Uno strumento di cui non può fare a meno?

“Direi l’ecografia. Appena mi è stato possibile ho comprato l’apparecchiatura e ho seguito il corso. È’ stata una vera rivoluzione anche se non molti colleghi lo usano”.

Ha avuto qualche paziente famoso?

“Beh, mi ricordo il dottor Uckmar (Victor, uno dei più noti fiscalisti e tributaristi italiani), Vittorio e Guglielmo Zucconi (padre e figlio, grandi giornalisti italiani) e la tata dei figli di Berlusconi. Aveva la casa piena delle foto del Cavaliere, di Pier Silvio e di Marina. So che i due ragazzi, una volta cresciuti, spesso venivano qui a trovarla. Poi ho curato anche un portiere del Genoa ma non mi chieda come si chiama, non lo ricordo anche perché io sono sampdoriano”.

Ha qualche hobby?

“Da giovane giocavo a pallanuoto nella Pro Arenzano che poi si sciolse. Tempi eroici: si giocava in mare. Il molo e la spiaggia si riempivano di spettatori e l’arbitro saliva su un gozzo per seguire quanto avveniva sul campo delimitato da sugheri galleggianti. Poi, grazie alla costruzione della piscina e all’entusiasmo di quell’uomo vulcanico che è stato don Jori. È nata la Rari Nantes Arenzano di cui sono stato presidente per cinque anni”.

Altri passatempi?

“Ci sarebbe l’attività subacquea ma non mi piace l’idea di immergermi oggi nelle acque di Arenzano: non ci sono più cozze, ricci, conchiglie a pinna. Anche se ricordo ancora un grave caso di inquinamento che con alcuni amici contribuii a far cessare. C’era un’azienda, la Stoppani che buttava in mare cromo esavalente. Il mare si colorava di marrone. Sul fondo si formavano anfore spontanee da cui fuoriusciva un liquido verdastro. Come dono di nozze gli amici mi regalarono macchina fotografica subacquea. Facemmo reportage fotografico su queste anomalie e denunciammo e la Stoppani che anche per questo fu costretta a chiudere”.

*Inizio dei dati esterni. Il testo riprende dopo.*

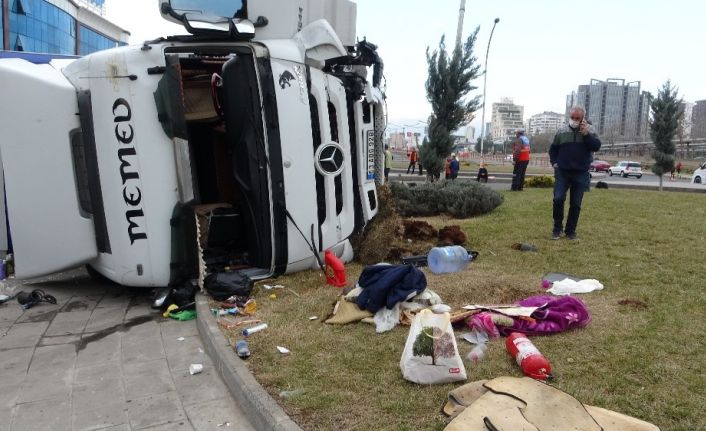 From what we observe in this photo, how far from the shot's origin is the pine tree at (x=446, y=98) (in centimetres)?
1222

Insomma non ha altri svaghi a parte il lavoro?

“Mi piace leggere libri di filosofia, specialmente quella greca. Un’altra mia passione sono le camminate in montagna ma non posso più farle da quando mi sono fratturato il ginocchio sinistro fratturato durante un’escursione per rispondere al cellulare. Adesso ho una protesi”.

Qualche episodio divertente in quarant’anni di carriera?

“Sì. Ero in servizio alla guardia medica e ricevo una chiamata da un paziente che abitava nell’entroterra di Cogoleto. Ci vado con la mia Mini Minor e prima di arrivare mi trovo su una strada sterrata. I freni a tamburo della macchina si riempiono di polvere e quando, entrato nello spiazzo della casa, provo a fermarmi pigiando il pedale fino in fondo, non succede niente. O meglio, l’auto procede nella sua corsa, sfonda il muro dell’abitazione e si ferma a due passi dal letto del paziente. Per fortuna l’assicurazione ha pagato tutto e il paziente è guarito”.

Un altro aneddoto?                    

“E’ il 2001. Mi chiamano per una visita al Grand Hotel. Entro nella stanza e mi trovo circondato da tre facce da galera con pistole e mitra spianati mentre un quarto individuo è nel letto. Lo visito, è solo una leggera influenza e i quattro brutti ceffi sono agenti della Digos. Adesso mi scusi ma la devo lasciare”.

Qualche impegno improrogabile?

“In un certo senso sì. Tutte le mattina visito gli ospiti della residenza per anziani Villa Veneto e sono anche direttore sanitario di una Rsa a Varazze”.